In a filing made to the US Securities and Exchange Commission early last month, GIC the world's fourth-largest sovereign fund that manages more than $100 billion of Singapore's foreign exchange reserves, said that it would exchange on 5 March the mandatory convertible notes for 230.7 million ordinary UBS shares, making it the single largest shareholder in the Basel and Zürich-based UBS.
By converting UBS notes into ordinary shares that gives it a 6.6-per cent stake, GIC lost on paper about 45 per cent of its original $11 billion investment on current share prices in Switzerland's biggest bank.
Western banks, reeling under the crushing blow of the global financial crisis were forced to raise funds lest they met the fate of Lehman Brothers that went bankrupt. GIC and a few Middle East sovereign wealth funds had invested in them or subscribed to their fund raising plans. (See: UBS to write down $10 billion, raise $11.5 billion in stake sale)
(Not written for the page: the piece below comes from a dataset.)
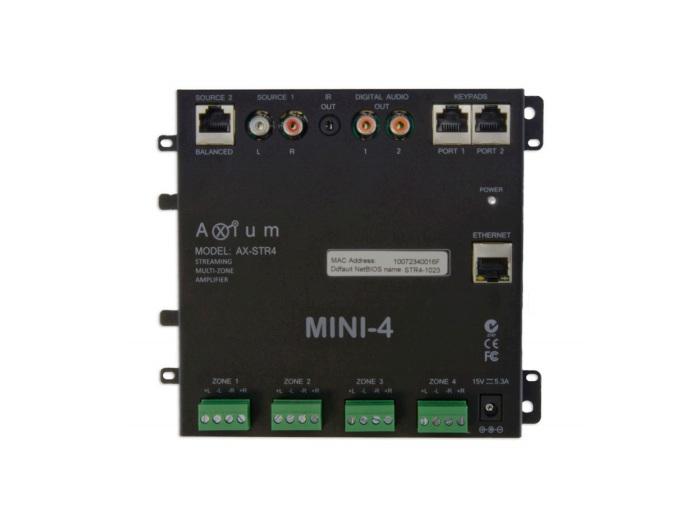 Current Audio AX-MINI4 4 Sources Streaming Multi-Zone Amplifier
In 2007, when UBS offered generous terms to investors, GIC took a 9-per cent stake in UBS through convertible notes, which paid 9 per cent interest per annum and had a two-year maturity period.
As the maturity period was expiring on Friday, GIC had no choice but to convert its notes in UBS into shares, thereby incurring a loss about 45 per cent on its original $11 billion investment.